Affluenza! aims for higher ambitions than you often see in commercial stage comedies. Sherman’s style takes overt pleasure in the musicality of the English language. The title’s made-up word “affluenza” suggests an ailment brought on by having too much affluence — or maybe not enough of it. And just as Moliere populated his works with the embodiments of human vice, so does Sherman use Affluenza! to skewer the modern ruling class. It evokes a nation of high-rise condos and gated communities filled with people like Jerome, who measure their corporate success, political power and personal fulfillment only by how many Hummers, designer outfits and nubile companions they can buy.

??
The avatar of avarice, laziness and vulgarity, Jerome is a true believer in Gordon Gecko’s “Greed is good,” just so long as he doesn’t have to do any actual work. In previous productions, Silverman has given fuzzy performances as huggable mensches, but Jerome’s venality energizes and liberates the actor.

??
Sherman uses Jerome to illustrate the link — fresh from recent op-ed pieces — between individual greed and institutional misdeeds. Act Two begins with Jerome speculating about forming his own crooked company, announcing an IPO and cashing in. Heedless that he might be dating the script, Sherman freely drops names of the decade’s most crooked corporate execs, from Enron to Arthur Anderson. In perhaps the show’s most puckish couplet, Jerome exclaims, “Just like John Rigas of Aldephia/I will get wealthia and wealthia!”

??
The son of deep-pocketed William Moore (Neil Alan), Jerome suspects his father’s young paramour, Dawn (Megan Hayes), of craving the old man’s money. Seemingly sweet-natured, does Dawn want Moore, or does she merely want ... more? The simple plot merely provides the frame for a caustic portrait of America’s current aristocracy.
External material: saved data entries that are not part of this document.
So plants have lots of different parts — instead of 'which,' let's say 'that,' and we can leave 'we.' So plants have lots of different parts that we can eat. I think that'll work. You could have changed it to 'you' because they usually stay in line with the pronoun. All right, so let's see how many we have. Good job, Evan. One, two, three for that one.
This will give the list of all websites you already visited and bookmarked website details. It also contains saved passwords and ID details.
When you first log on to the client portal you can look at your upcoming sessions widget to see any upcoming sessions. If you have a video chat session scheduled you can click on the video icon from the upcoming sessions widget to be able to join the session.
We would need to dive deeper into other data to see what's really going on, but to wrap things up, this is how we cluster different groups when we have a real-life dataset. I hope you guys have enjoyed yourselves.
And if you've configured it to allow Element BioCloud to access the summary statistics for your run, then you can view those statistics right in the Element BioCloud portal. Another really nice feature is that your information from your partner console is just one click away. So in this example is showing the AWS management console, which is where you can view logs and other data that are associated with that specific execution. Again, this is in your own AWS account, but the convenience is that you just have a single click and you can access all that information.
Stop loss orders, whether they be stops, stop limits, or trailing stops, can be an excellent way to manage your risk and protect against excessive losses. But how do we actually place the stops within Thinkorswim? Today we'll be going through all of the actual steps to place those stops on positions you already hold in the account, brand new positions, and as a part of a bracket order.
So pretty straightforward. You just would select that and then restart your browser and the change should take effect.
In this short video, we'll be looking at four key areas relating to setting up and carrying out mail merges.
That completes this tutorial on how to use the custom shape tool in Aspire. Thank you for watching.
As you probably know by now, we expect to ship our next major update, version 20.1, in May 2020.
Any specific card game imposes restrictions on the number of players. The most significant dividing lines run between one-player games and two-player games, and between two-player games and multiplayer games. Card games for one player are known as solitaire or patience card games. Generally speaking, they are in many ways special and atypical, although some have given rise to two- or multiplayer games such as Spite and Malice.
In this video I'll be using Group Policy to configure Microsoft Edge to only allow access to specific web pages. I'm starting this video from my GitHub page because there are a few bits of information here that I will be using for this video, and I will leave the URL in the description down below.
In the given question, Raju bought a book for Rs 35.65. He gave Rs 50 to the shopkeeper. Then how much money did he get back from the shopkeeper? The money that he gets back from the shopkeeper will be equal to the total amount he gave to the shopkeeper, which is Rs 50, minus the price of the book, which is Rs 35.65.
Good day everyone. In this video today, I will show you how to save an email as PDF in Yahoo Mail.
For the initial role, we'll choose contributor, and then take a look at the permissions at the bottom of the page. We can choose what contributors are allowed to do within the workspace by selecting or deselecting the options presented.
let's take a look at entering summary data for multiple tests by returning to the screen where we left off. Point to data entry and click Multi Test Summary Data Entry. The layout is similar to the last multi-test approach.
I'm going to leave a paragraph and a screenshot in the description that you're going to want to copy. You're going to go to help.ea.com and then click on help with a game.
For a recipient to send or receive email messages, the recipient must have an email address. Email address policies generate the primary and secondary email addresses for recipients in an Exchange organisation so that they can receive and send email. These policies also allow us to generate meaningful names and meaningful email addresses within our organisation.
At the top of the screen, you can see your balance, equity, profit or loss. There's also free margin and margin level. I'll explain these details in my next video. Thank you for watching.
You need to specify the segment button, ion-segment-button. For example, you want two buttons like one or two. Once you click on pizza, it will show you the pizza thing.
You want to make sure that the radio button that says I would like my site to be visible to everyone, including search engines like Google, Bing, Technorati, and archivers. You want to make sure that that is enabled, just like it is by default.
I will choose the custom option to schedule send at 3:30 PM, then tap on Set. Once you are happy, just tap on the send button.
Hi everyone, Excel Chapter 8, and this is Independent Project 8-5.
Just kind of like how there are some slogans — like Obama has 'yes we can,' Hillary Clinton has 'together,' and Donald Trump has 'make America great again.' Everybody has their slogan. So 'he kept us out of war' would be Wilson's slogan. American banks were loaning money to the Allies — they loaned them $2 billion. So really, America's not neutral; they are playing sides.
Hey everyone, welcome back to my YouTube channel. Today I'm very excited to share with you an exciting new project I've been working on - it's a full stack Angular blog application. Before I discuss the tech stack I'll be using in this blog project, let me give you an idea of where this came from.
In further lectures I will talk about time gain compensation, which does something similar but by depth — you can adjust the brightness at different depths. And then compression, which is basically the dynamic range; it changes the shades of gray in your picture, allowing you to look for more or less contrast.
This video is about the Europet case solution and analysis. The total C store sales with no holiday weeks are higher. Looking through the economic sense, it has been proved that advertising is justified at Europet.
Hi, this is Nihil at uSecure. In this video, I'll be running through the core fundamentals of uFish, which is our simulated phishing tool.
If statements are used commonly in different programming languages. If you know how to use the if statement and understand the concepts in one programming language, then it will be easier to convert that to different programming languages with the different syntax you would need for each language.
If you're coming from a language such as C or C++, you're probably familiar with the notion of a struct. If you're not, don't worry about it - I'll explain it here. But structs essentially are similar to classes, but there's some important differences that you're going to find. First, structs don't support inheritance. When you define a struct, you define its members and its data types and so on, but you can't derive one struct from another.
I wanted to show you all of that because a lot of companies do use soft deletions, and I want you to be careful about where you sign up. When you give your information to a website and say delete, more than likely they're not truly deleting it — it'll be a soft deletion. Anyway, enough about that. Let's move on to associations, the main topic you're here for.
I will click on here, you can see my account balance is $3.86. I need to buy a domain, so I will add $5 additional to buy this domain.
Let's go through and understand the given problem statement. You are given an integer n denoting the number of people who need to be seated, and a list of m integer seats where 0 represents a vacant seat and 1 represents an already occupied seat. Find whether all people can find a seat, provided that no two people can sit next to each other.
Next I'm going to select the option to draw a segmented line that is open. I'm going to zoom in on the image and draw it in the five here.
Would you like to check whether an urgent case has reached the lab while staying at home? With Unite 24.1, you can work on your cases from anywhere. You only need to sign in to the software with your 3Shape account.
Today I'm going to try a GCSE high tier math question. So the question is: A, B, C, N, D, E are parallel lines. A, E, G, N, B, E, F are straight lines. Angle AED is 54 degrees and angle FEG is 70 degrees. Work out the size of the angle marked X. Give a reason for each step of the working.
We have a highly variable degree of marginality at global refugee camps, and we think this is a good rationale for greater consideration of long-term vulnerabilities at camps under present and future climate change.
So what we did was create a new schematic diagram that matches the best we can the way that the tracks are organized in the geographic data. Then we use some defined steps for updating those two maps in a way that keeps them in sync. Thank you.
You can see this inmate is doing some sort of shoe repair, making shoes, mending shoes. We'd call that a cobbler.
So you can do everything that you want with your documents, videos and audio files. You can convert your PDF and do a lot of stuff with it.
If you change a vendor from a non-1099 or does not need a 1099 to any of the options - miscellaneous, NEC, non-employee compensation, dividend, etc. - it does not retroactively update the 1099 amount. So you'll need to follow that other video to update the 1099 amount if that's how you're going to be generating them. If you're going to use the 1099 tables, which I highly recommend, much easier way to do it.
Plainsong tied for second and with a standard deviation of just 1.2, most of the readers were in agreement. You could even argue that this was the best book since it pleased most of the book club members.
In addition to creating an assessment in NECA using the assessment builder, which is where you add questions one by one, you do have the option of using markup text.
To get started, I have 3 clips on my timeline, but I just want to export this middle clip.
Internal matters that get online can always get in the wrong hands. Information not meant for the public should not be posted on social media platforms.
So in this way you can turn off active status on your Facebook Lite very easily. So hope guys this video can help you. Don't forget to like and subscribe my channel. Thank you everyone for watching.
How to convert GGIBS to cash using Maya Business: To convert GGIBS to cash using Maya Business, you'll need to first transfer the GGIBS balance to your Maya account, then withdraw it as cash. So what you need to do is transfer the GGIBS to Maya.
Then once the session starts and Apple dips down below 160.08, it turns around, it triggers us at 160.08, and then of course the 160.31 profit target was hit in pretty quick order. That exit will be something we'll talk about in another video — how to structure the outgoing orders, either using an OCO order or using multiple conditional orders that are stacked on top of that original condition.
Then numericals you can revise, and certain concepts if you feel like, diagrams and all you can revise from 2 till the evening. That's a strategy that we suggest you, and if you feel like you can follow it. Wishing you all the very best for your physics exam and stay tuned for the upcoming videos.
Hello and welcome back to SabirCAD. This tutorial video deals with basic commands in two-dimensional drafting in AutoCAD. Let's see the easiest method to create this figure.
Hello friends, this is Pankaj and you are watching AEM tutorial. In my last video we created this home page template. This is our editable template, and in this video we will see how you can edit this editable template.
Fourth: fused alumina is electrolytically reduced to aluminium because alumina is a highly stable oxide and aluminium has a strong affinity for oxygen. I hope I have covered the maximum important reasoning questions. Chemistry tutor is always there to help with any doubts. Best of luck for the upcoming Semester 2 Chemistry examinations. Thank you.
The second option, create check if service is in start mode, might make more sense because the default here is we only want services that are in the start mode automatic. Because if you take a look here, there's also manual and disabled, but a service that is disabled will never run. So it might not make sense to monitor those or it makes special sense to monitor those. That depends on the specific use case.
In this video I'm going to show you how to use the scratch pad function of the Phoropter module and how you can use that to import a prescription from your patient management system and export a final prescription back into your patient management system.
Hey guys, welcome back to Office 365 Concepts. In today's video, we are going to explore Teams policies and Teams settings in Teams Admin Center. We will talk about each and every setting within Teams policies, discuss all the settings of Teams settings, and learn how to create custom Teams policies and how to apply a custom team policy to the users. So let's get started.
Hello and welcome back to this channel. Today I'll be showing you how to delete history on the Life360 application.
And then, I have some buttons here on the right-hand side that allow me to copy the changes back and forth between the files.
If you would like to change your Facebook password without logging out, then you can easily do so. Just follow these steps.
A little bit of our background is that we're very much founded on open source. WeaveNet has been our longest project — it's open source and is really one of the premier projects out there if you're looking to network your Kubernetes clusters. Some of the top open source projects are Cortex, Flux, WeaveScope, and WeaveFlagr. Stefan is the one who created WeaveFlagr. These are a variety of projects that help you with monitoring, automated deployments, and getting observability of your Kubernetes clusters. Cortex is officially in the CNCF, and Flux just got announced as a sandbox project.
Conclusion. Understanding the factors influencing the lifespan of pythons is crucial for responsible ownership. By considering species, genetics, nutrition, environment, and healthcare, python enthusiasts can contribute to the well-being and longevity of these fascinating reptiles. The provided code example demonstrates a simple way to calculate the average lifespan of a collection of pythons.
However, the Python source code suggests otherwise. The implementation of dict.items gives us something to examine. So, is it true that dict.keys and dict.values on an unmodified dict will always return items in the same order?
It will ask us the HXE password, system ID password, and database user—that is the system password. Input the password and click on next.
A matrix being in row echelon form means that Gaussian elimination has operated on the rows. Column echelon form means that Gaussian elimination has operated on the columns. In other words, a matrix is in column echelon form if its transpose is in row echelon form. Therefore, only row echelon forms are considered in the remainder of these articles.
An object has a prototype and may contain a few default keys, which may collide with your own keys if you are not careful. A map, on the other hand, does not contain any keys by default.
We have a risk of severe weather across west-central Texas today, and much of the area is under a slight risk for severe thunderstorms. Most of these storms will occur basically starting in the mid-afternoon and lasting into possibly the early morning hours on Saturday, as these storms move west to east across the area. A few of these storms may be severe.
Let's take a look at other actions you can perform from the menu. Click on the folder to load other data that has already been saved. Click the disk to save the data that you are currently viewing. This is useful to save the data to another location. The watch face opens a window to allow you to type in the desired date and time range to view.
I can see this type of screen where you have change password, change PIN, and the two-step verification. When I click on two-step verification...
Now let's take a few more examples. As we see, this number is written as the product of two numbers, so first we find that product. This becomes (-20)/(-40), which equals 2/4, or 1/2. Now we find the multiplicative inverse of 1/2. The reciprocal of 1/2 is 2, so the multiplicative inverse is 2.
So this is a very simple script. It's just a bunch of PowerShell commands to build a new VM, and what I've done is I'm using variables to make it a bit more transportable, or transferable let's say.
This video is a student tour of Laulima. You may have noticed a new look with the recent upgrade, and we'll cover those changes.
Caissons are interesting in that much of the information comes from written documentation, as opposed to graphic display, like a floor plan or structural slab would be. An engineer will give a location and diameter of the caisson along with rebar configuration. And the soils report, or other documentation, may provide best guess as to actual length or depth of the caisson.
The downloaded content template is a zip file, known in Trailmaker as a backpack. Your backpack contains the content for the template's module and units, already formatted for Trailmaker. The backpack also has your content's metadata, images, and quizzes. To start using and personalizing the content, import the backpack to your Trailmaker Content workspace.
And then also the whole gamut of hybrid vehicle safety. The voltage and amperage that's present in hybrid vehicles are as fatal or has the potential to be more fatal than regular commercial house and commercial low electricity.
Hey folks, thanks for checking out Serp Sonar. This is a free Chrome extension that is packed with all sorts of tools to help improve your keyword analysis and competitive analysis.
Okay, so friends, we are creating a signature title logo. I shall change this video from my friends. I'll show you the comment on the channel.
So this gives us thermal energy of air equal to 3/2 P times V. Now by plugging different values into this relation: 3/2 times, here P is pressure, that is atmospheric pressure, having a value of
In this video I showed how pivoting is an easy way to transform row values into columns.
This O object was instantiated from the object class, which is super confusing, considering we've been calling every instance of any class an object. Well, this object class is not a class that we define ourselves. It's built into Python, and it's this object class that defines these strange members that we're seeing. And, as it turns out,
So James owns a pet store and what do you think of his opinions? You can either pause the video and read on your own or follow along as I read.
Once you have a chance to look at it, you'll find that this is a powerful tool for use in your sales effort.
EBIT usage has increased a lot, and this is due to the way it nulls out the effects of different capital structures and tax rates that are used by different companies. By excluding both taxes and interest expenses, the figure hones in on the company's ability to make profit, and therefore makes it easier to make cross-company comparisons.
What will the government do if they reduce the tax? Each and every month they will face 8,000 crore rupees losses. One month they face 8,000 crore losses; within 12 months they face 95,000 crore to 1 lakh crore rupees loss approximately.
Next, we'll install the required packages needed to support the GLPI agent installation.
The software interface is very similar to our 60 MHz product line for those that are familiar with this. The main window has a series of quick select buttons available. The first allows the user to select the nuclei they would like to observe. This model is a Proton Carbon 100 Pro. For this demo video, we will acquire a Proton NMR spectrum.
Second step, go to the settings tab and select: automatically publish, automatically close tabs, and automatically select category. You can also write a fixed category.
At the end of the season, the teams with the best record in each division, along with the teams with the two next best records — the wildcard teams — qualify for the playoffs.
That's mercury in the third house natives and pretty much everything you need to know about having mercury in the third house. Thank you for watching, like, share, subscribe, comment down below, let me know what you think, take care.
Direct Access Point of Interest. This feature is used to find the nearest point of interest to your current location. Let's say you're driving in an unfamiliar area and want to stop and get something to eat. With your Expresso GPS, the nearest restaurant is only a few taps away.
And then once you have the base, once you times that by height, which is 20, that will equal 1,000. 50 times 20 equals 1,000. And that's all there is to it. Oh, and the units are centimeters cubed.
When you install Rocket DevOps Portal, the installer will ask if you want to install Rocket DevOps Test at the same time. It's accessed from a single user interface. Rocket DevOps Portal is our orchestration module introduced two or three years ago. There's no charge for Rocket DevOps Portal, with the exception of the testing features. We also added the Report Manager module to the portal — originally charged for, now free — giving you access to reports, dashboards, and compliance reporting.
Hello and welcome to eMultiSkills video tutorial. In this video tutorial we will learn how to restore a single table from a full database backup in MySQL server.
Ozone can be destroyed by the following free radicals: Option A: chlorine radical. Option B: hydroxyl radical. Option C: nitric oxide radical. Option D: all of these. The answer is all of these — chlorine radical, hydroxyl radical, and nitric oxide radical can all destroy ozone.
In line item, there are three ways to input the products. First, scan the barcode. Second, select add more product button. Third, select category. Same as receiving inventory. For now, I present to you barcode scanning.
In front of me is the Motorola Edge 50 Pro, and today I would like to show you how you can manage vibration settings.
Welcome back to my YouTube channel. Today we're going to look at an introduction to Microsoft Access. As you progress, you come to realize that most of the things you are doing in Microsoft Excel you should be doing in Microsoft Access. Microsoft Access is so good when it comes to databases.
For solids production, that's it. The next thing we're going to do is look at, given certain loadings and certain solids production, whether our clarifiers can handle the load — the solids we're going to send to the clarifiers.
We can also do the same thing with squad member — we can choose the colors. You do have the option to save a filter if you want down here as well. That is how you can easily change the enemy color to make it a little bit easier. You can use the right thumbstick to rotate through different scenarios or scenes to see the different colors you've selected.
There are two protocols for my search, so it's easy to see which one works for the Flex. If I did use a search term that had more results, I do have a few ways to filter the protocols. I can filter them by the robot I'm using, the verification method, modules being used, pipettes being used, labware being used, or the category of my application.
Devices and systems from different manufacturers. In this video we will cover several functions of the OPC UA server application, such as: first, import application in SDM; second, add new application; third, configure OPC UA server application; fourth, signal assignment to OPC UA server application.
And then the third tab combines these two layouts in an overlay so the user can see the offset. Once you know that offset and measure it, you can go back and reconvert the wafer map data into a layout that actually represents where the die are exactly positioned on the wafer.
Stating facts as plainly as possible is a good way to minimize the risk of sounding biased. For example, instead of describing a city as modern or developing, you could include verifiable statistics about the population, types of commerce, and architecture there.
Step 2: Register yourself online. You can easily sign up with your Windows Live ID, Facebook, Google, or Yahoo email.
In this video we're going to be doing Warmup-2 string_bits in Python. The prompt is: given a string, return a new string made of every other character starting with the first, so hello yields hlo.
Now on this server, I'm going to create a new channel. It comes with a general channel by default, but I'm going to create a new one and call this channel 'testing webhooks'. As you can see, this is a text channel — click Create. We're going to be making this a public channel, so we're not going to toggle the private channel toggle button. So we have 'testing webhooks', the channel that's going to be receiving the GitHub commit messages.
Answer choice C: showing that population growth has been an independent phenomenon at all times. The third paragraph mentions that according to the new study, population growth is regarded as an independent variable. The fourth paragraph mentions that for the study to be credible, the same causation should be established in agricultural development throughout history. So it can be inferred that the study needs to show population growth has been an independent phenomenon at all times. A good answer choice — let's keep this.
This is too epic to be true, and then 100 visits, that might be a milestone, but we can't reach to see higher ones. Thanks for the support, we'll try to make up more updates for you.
The players also include William’s vain ex-wife, Ruth (Kathleen McManus), who plans a complete body renovation from Botox to dermaplating; and milquetoast cousin Eugene (Brandon O’Dell), who falls prey to the temptations of privilege. Meanwhile, William alternates from being a disappointed tightwad, hurling insults at his conniving family, to a love-struck simp whenever Dawn’s around.

??
The rhymes bring their own problems, however. In Moliere productions, the translated verse and at times antiquated language usually feel of a piece with the silly stories and period details. But Affluenza! strives to be of the moment — the program identifies the play’s time as “Now” — so when characters use outdated words like “lout” or “dunce,” it sounds like Sherman is using his rhyming dictionary as a crutch. Sherman simply doesn’t have the same mastery of nimble language as, say David Ives or Tom Stoppard. Sometimes the singsong tone of the delivery proves all too easy to tune out.

??
But Sherman might be onto something by updating Moliere’s comedy of manners. Compared to popular but disposable stage farces like Moon Over Buffalo, Affluenza! has comic teeth. It’s not that director Heidi Cline avoids big, broad gags — quite the reverse. With pratfalls, groin injuries and towering tantrums, the performances are all a hair’s breadth from going over the top. The best sight gags illustrate the family ensnared in venal values, such as William’s assistant Bernard (Spencer G. Stephens), holding his Blackberry at crotch level, as if it’s the measure of his manhood. William and Bernard stagger home laden with packages like shopoholic Sherpas.

??
In its sharpest moments, Affluenza! feels not vaguely “contemporary” but set refreshingly in the present. Characters use modern catchphrases to justify their crass materialism: “I want to be a good American! If I don’t shop, the terrorists win!” By having William rail about the Starbucks on every corner, Sherman emphasizes out-of-control commercialism as a pressing modern problem, and not a trivial theatrical problem that vanishes when the actors take their final bows.

??
Like Moliere, Sherman can spell out his moral message a little too blatantly, through William longing for a simpler life or Bernard sending off the audience with a mandate to “Be nice.” Affluenza! doesn’t need to lecture us, since its antiheroes’ nasty actions and voracious appetites speak for themselves.